*** Opening Extracted entries ***
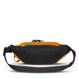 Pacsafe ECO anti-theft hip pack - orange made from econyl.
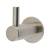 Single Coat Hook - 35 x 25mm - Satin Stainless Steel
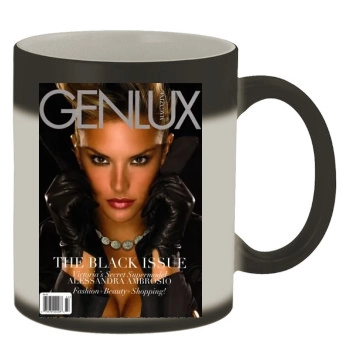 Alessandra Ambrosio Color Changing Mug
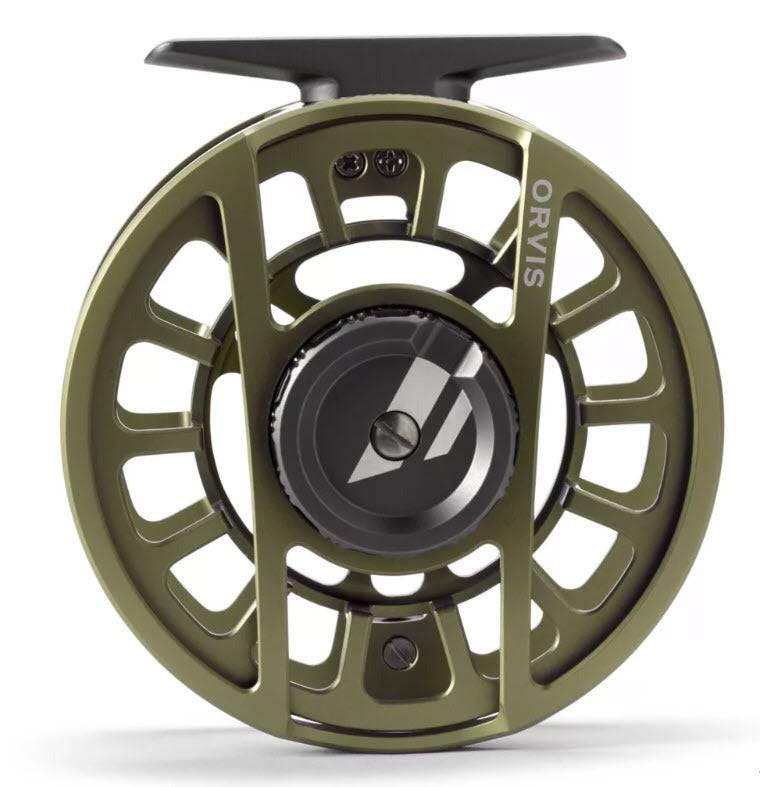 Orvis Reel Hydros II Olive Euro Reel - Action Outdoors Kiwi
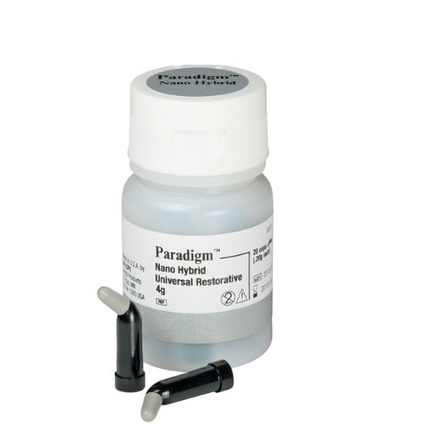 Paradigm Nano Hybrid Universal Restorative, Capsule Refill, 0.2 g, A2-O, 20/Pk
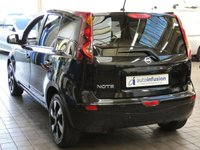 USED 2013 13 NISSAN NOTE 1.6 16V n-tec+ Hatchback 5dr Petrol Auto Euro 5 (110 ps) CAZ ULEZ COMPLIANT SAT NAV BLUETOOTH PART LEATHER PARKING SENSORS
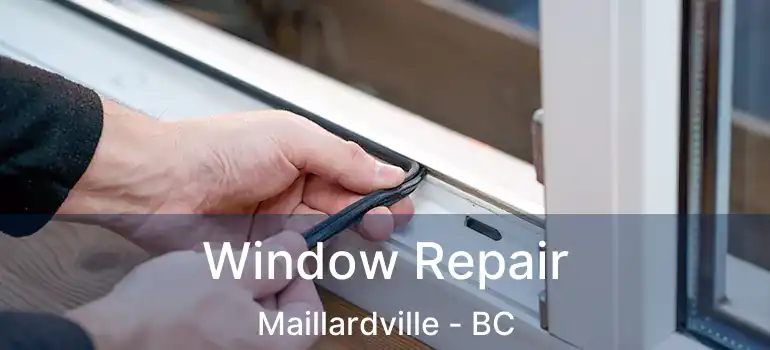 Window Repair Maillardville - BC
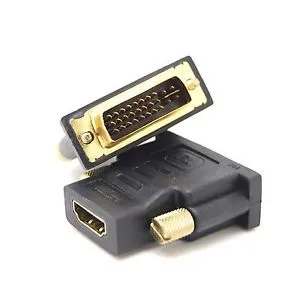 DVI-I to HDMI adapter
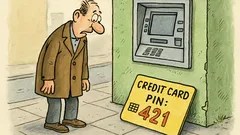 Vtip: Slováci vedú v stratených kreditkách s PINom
*** Closing Extracted entries ***
_Task to complete_
Quote exactly, and nothing besides, the lines from the one with "Window Repair Maillardville - BC" through the end of the records above; include both ends and omit the pictures.

_Exercise result_
 Window Repair Maillardville - BC
 DVI-I to HDMI adapter
 Vtip: Slováci vedú v stratených kreditkách s PINom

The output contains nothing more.